Postponement of Bill ‘opens way for more evidence-based education approach’
Cabinet Secretary for Education, John Swinney, announced to Scottish Parliament today that the Education Bill would not be taken forward.
In making the decision, Mr Swinney has signalled that he will focus on education reform through collaboration rather than new legislation.
In agreement with local government, a new approach to reform will focus on empowering teachers and ensuring teachers and parents are key decision makers in schools at community level, Mr Swinney said.
Six regional improvement collaboratives will continue to work closely with schools to progress demands for support and improvement.
Responding to the announcement, Children in Scotland’s Head of Policy, Projects and Participation, Amy Woodhouse, said:
“We are pleased to see the Scottish Government has taken on board the concerns raised by many in the consultation stages of the proposed Education Bill.

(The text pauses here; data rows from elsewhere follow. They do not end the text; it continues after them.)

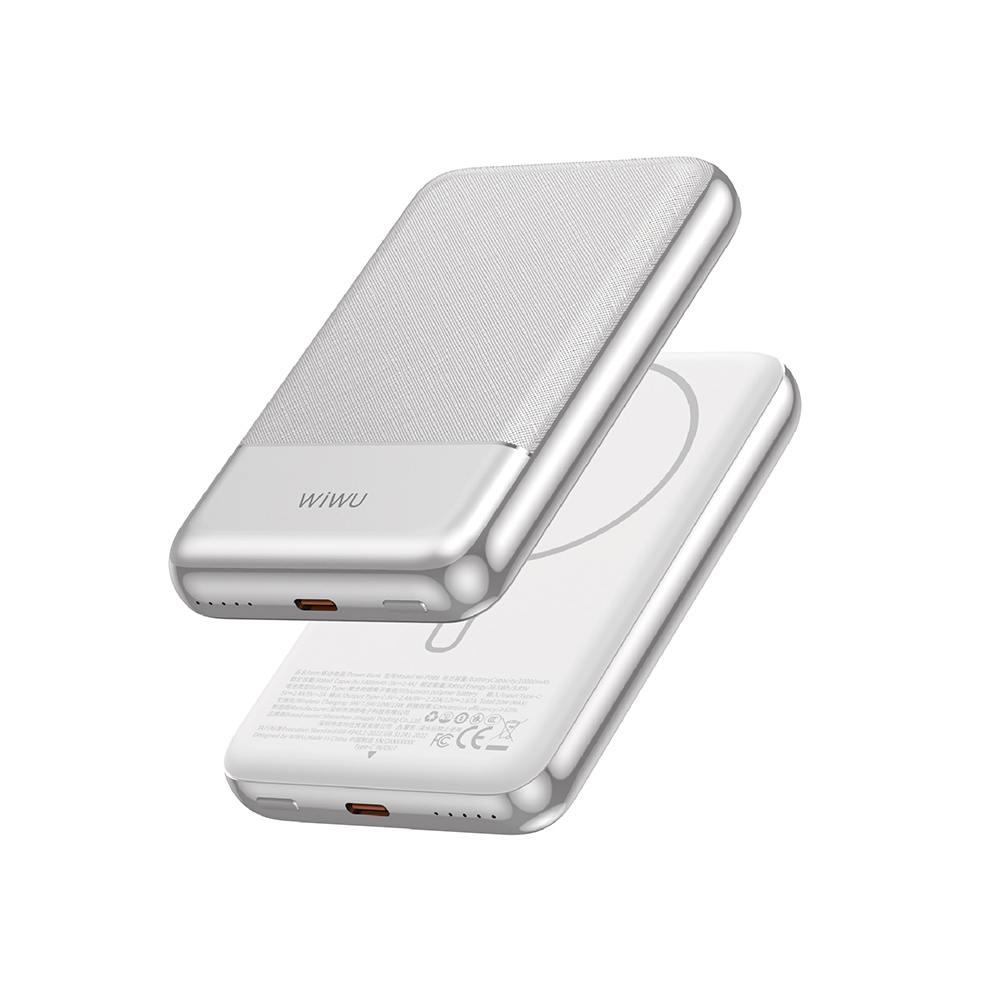 Wiwu Wi-P089 LED Işık Göstergeli PD 20W Kablosuz Powerbank 10.000mAh 15W - 2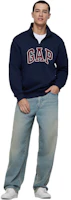 GAP Carbon Brushed Logo Fleece Stand Collar Sweatshirt Unisex. 609264 GAP Carbon Brushed Logo Fleece Stand Collar Sweatshirt Unisex. 609264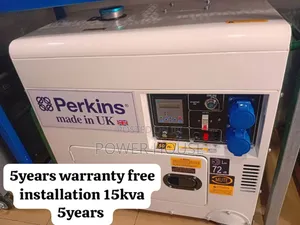 Zone Titan Amp 15kva 16500watts Perkins Generator 15kva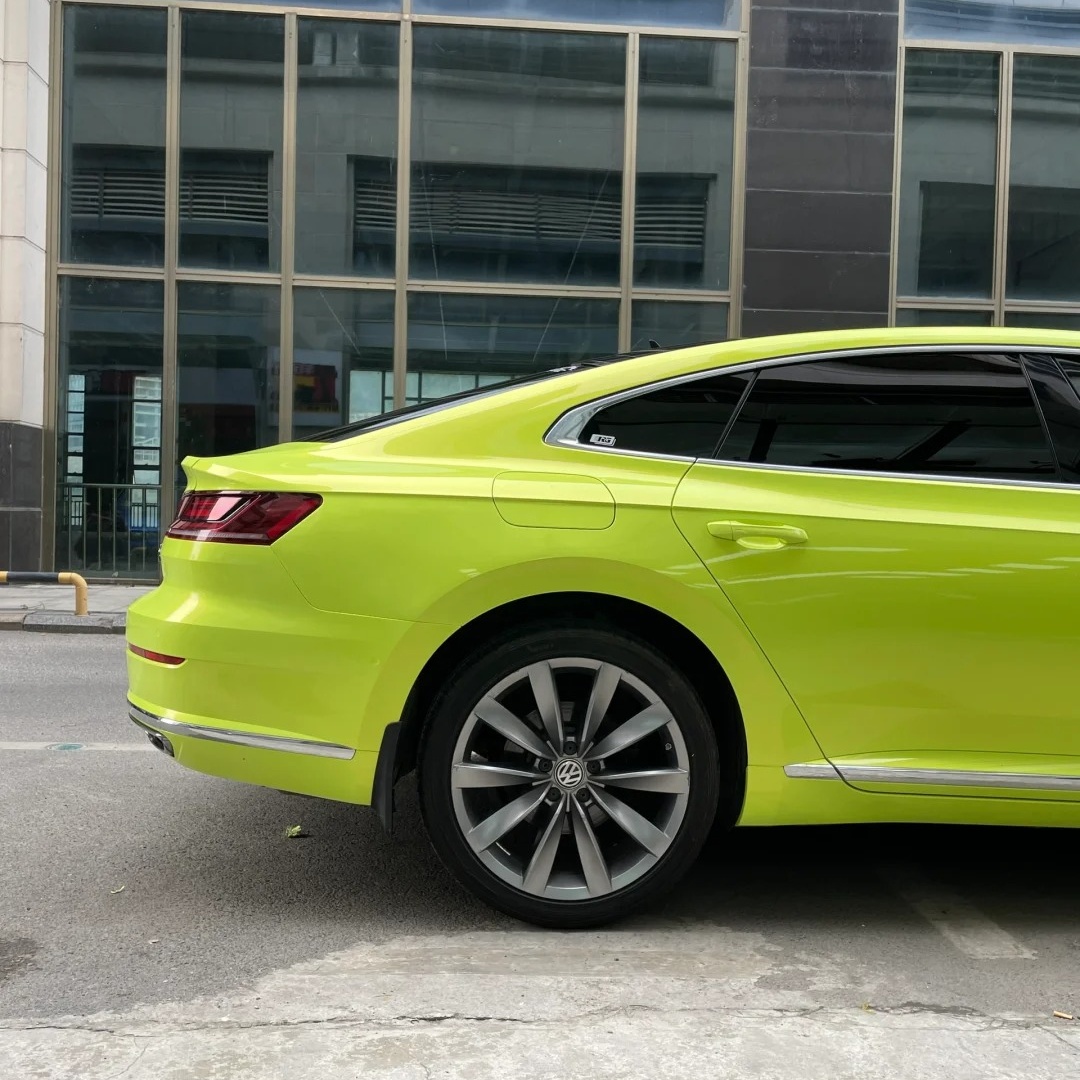 Ravoony Basic Magic Gold Fluorescence Car Vinyl Wrap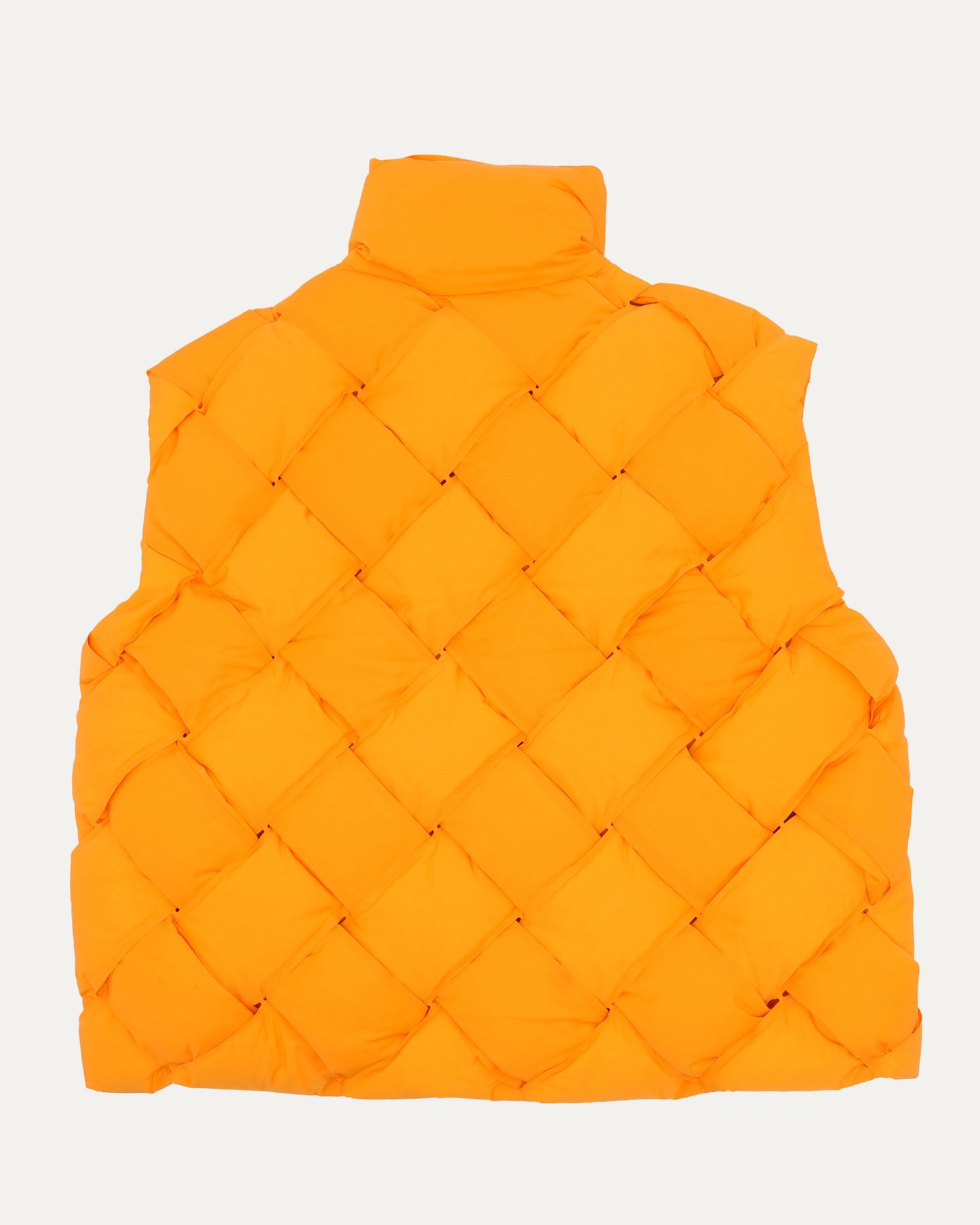 Nylon Intrecciato Puffer Vest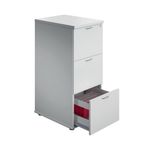 Jemini 3 Drawer Filing Cabinet 464x600x1030mm White KF90464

“We agree wholeheartedly with the focus on improving education and the ambitions of increasing attainment and closing the gap.
“However, we know that one size does not fit all. An evidence-based approach that draws on local knowledge and research about what works in terms of support and addressing the attainment gap will reap far better rewards than unnecessary and unwanted legislation.”
This change of approach is in line with the recommendations made in the first report of the Council for Education Advisors, also published today.
The Scottish Government has committed to the collaborative approach for one year, after which they will conduct an independent review to assess if commitments made have been fulfilled.
If sufficient progress has not been delivered within a year, the Cabinet Secretary has said he will return to Holyrood to introduce a new Education Bill.